Du point de vue de l’histoire religieuse, au centre de l’ouvrage, il semble que la conversion au judaïsme fut pour les tribus berbères le moyen d’afficher leur unité dans leur lutte contre l’empire romain, permettant au monothéisme de l’emporter contre le paganisme. On comprend d’ailleurs comment l’Afrique du Nord fut le théâtre d’une « compétition missionnaire » entre christianisme et judaïsme, la conversion de l’empire romain au christianisme détériorant la situation des juifs dans la région, avant qu’elle ne devienne principalement musulmane, entre le VIIe et le VIIIe siècle. «  Tout laisse à penser, raconte l’auteur, que des proto-royaumes judéo-berbères s’étaient constitués : un micro royaume juif du Touat, indépendant jusqu’au XVe siècle, un autre petit royaume juif saharien dans le Gourara, où Léon l’Africain aurait séjourné, voire un autre encore dans la région d’Oujda. »

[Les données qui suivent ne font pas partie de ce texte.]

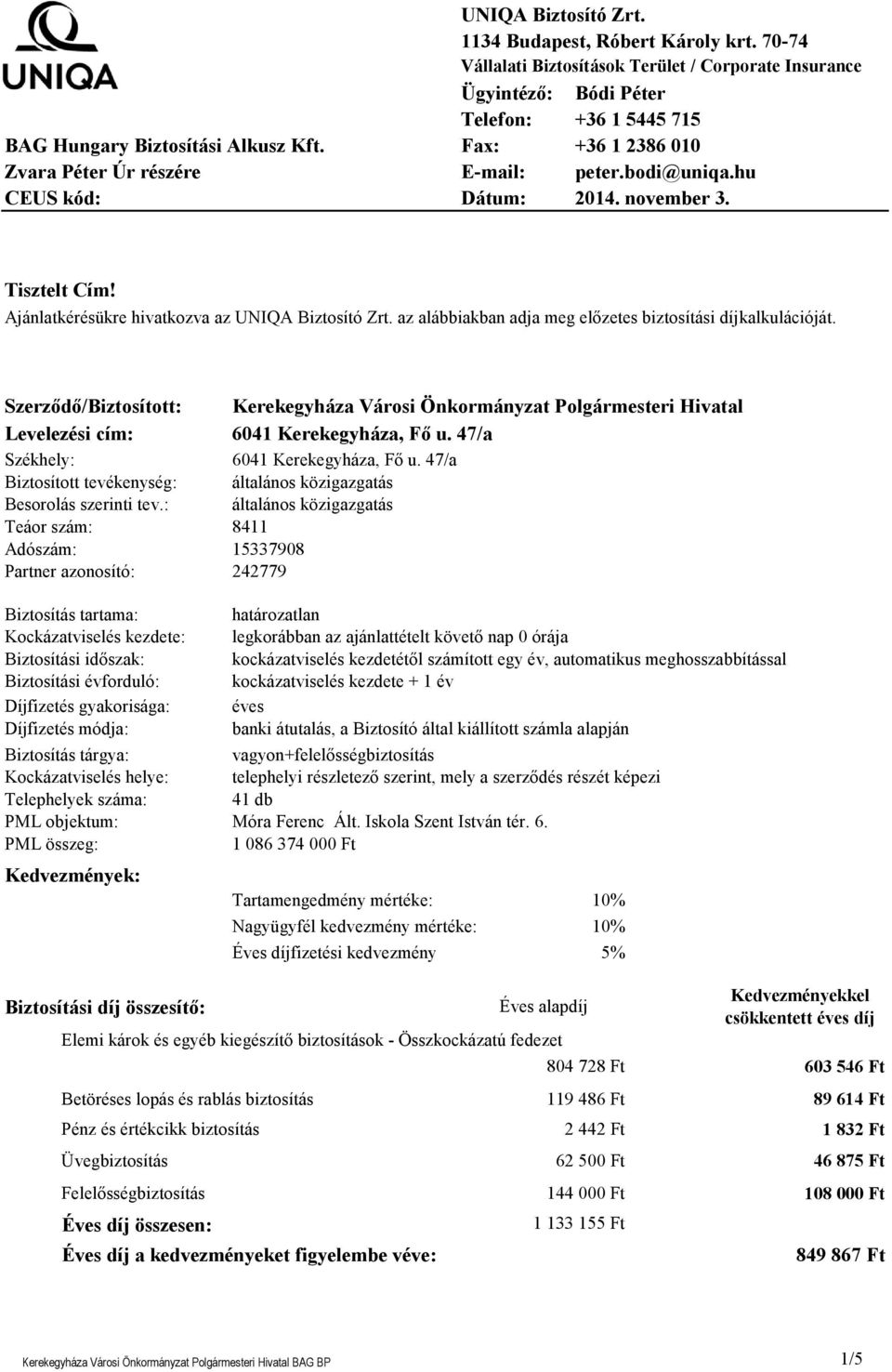 Ajánlatkérésükre hivatkozva az UNIQA Biztosító Zrt. az alábbiakban adja meg előzetes biztosítási díjkalkulációját.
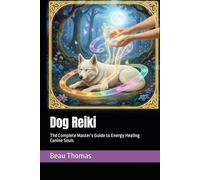 Dog Reiki: The Complete Master’s Guide to Energy Healing Canine Souls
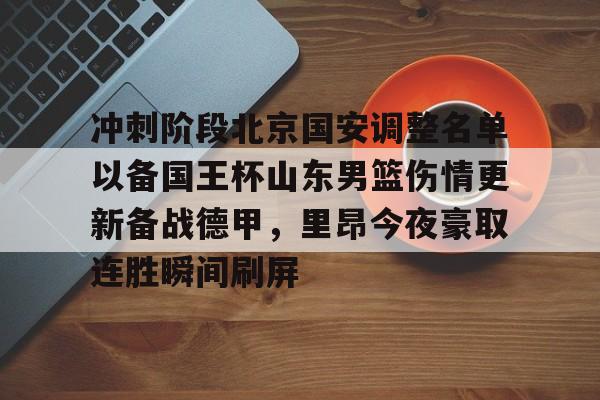 关于冲刺阶段北京国安调整名单以备国王杯山东男篮伤情更新备战德甲,里昂今夜豪取连胜瞬间刷屏的信息 关于冲刺阶段北京国安调整名单以备国王杯山东男篮伤情更新备战德甲,里昂今夜豪取连胜瞬间刷屏的信息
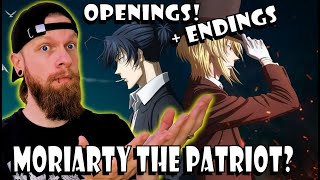 Moriarty the Patriot Openings amp Endings Reaction [upl. by Bachman127]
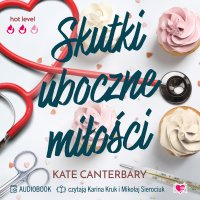 Skutki uboczne miłości - Kate Canterbary - audiobook
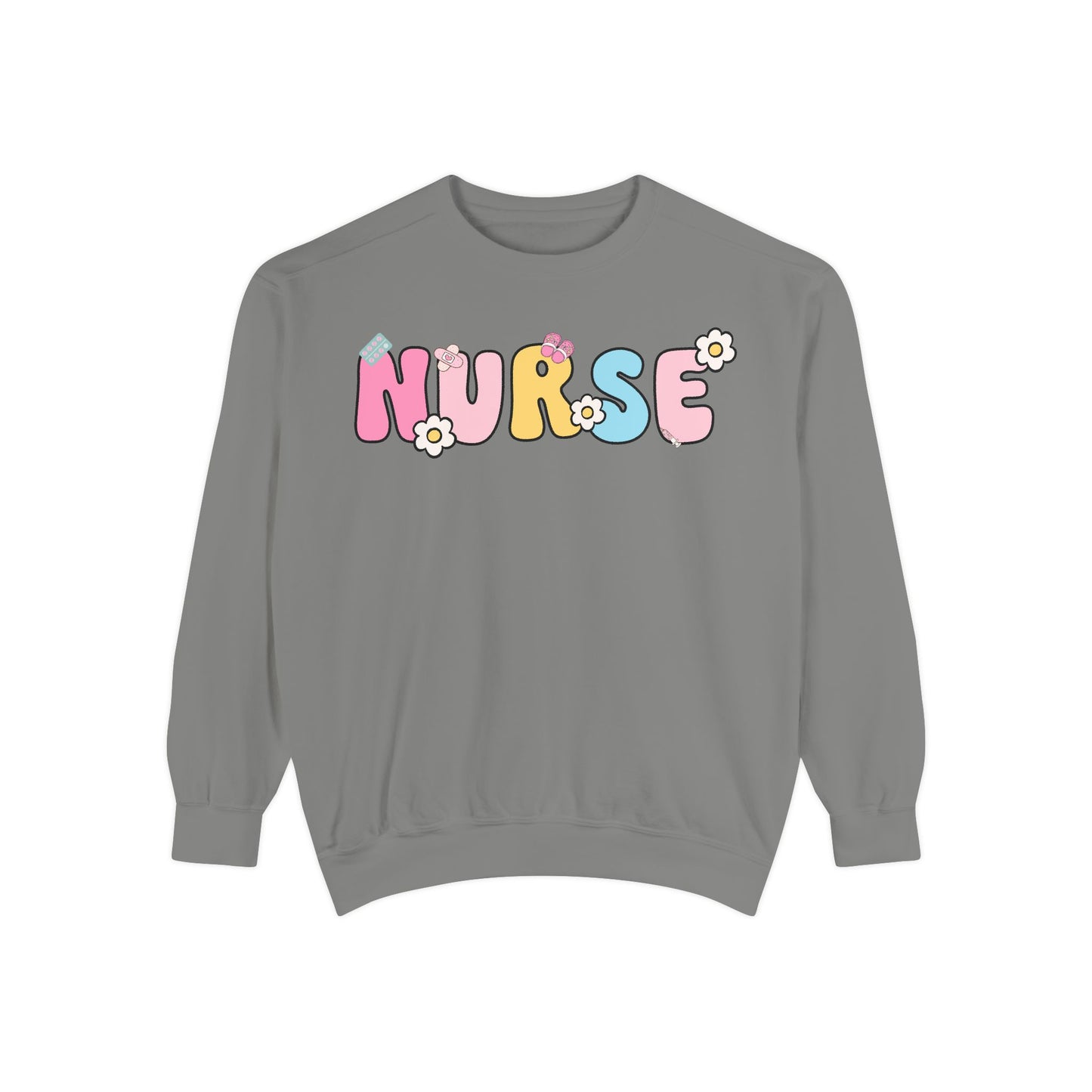 Nurse Sweatshirt, Unisex Garment-Dyed Pullover, Gift for Nurses, Cozy Medical Apparel, Flower Power Sweatshirt, Nursing School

Le produit d’une histoire régionale vivante

De Carthage, cité punique « cosmopolite et polyglotte » jusqu’à sa destruction par Rome à Médine et sa « constitution » organisant la vie des communautés, des érudits juifs comme Moïse Maïmonide qui écrit l’arabe en caractères hébraïques, à la formation tardive des mellahs, ces quartiers réservés sur le modèle des juderias espagnoles et des ghettos d’Europe, Julien Cohen-Lacassagne explique à la fois l’enracinement profond de la religion juive au Maghreb tout au long des siècles et « l’invention de la diaspora » de façon beaucoup plus récente.

Alors, pourquoi cette citation de Marylin Monroe ? Elle fait inévitablement penser à la célèbre réplique de Osgood (Joe E. Brown) qui veut épouser Daphné (Jack Lemmon), un homme travesti, à la fin de Certains l’aime chaud, le fameux film de Billy Wilder tourné en 1959 et l’un des plus beaux rôles de l’actrice : « Personne n’est parfait. » Réponse ironique mais lucide à des recherches d’identité qui tendent à négliger la réalité humaine et historique. « Une identité unique est un refuge fragile, et pire que cela, vide », conclut Julien Cohen-Lacassagne. D’une plume précise et vive, ce récit historique est aussi un bonheur de lecture.